Head coaching decision up next.


----------



## KingOfTheHeatians

I fail to see how we know enough about Beck yet to make the final call on him. He was a rookie QB playing on a terrible team and had several difficult road starts to begin his career. He may or may not be the guy. But I'm quite certain we don't know one way or the other just yet.


----------



## BlackNRed

Dolphins to fire Cameron tonight.



> The Miami Dolphins are set to fire head coach Cam Cameron later this evening, Mail On-Line Sport can reveal.
> 
> Cameron presided over a 1-15 record - the worst in franchise history - and although just one year into a four-year $10million deal, owner H. Wayne Huizenga has seen enough.
> 
> Huizenga arrived at the team's facility at 5.15pm this evening by helicopter to prepare for the announcement, which is expected to be made official on Thursday morning, according to insiders.


----------



## IbizaXL

Heated said:


> Dolphins to fire Cameron tonight.


firing Mueller and Cameron...at least we're starting to head for the right direction.


----------



## -33-

Heated said:


> Dolphins to fire Cameron tonight.


YAY! 


I think we should take a QB late in the 1st day...We have to posture that we're taking McFadden to get any value out of the #1. We've almost gotta take Dorsey or Long, it's almost a certainty if we don't trade the pick.
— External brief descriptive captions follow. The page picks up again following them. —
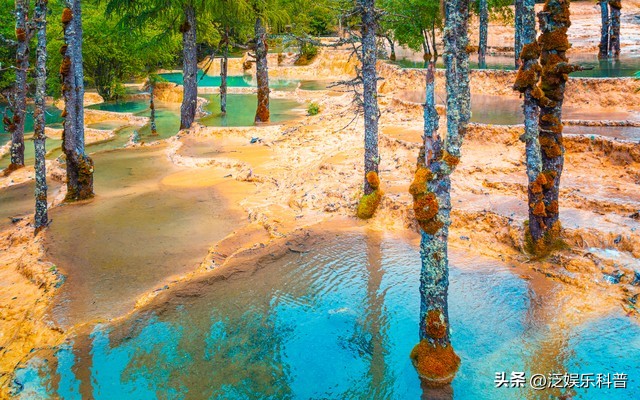 四川海拔4000米网红打卡景点,去四川旅游最值得去的十大景点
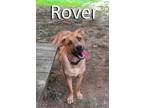 Adopt Rover a Retriever, Black Mouth Cur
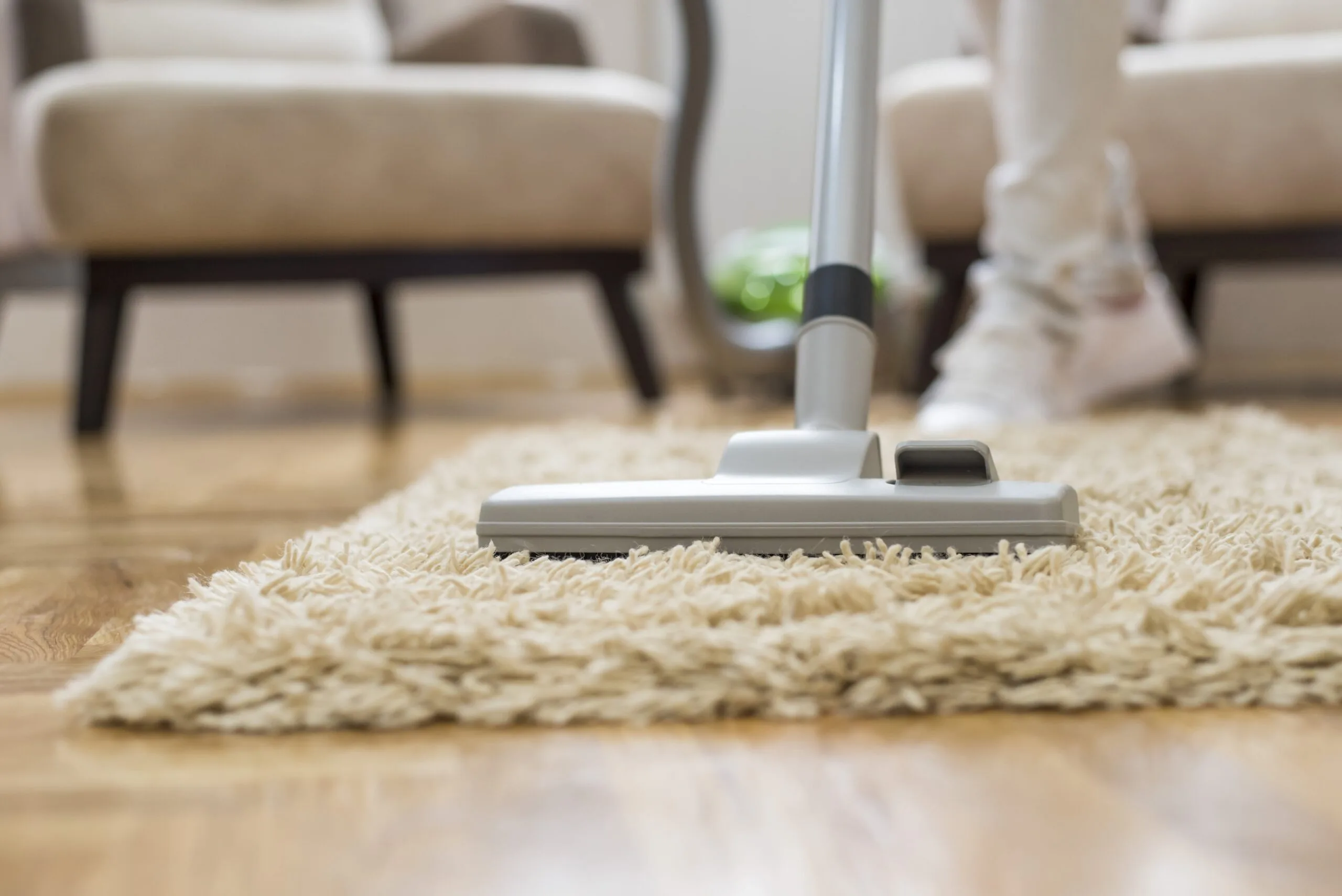 When You Need to Get Professional Carpet Cleaning Services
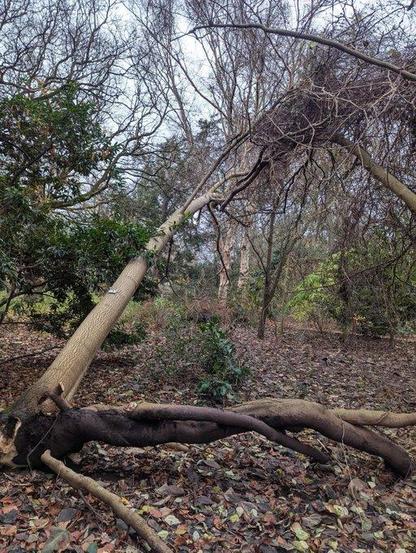 Kew Gardens lose around 8 trees in Storm Darragh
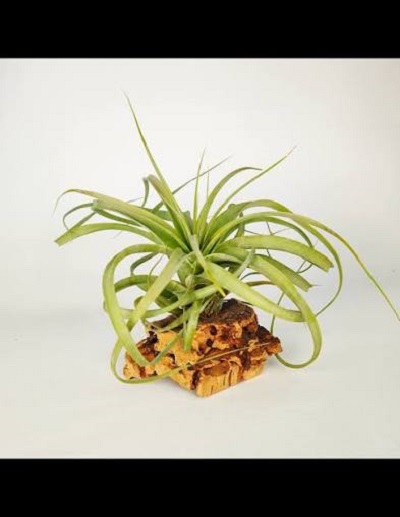 Tillandsia firestorm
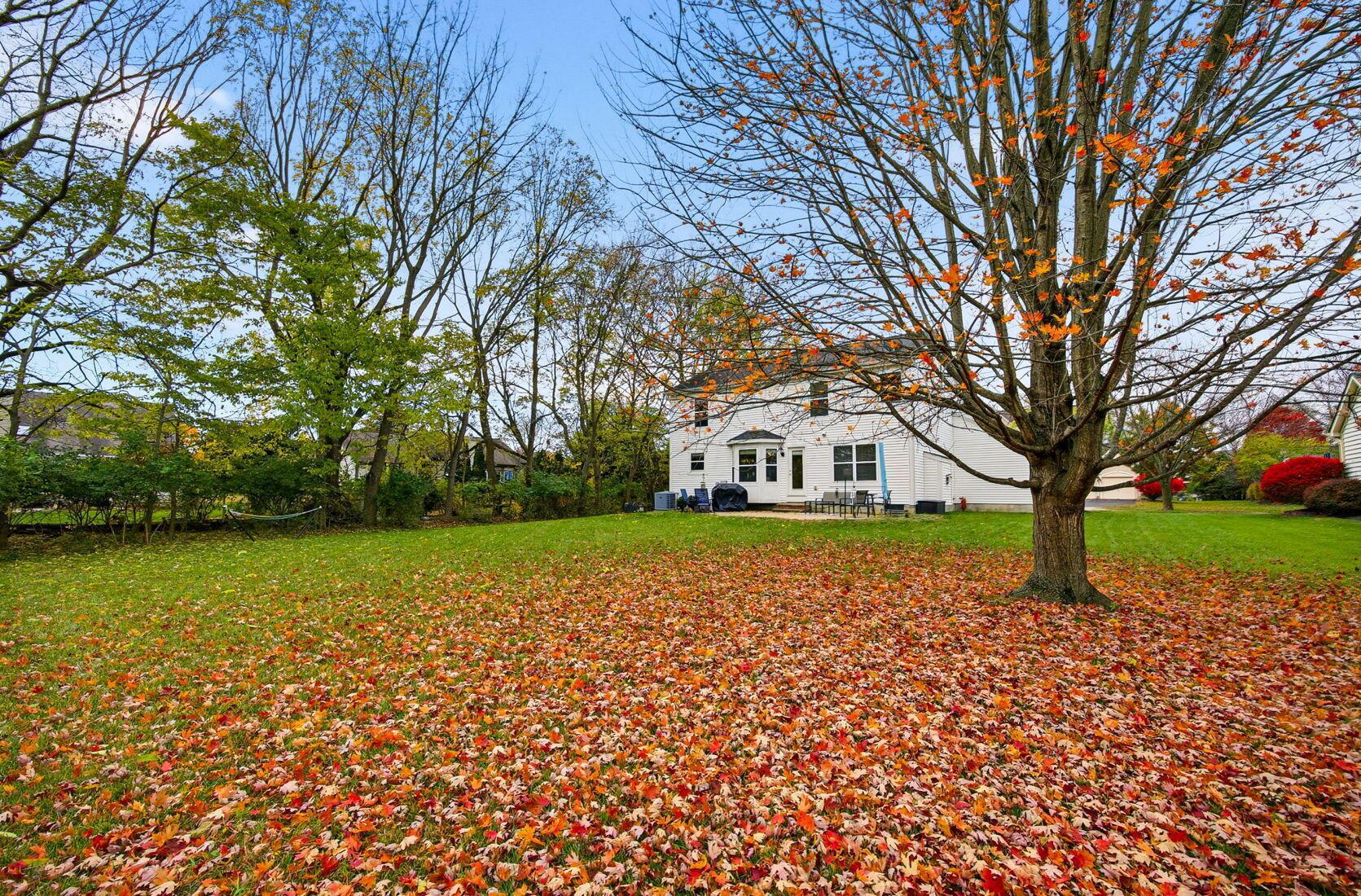 Dublin, Ohio 43016, United States, 4 Bedrooms Bedrooms, ,3 BathroomsBathrooms,Residential,Coming Soon,239806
Who knows, but I trust in Parcells a hell of alot more than Mueller


----------



## BlackNRed

*CAM CAMERON - YOU'RE FIRED!*

http://www.sun-sentinel.com/sports/football/pro/dolphins/sfl-103cameronfired,0,3224398.story



> DAVIE - It's one and done for first-year Dolphins coach Cam Cameron after newly hired General Manager Jeff Ireland fired him and most of his staff Thursday morning.
> 
> Clearly, Cameron and vice president of football operations Bill Parcells' mutual friendship with iconic college basketball coach Bob Knight wasn't enough to salvage Cameron's job. Cameron still had three seasons left on a four-year contract worth an estimated $10 million, but a franchise-worst 1-15 record was hard to overlook.
> 
> Only linebackers coach George Edwards and assistant special teams coach Steve Hoffman were retained. Hoffman worked with Parcells in Dallas for two seasons but was fired after the 2004 season.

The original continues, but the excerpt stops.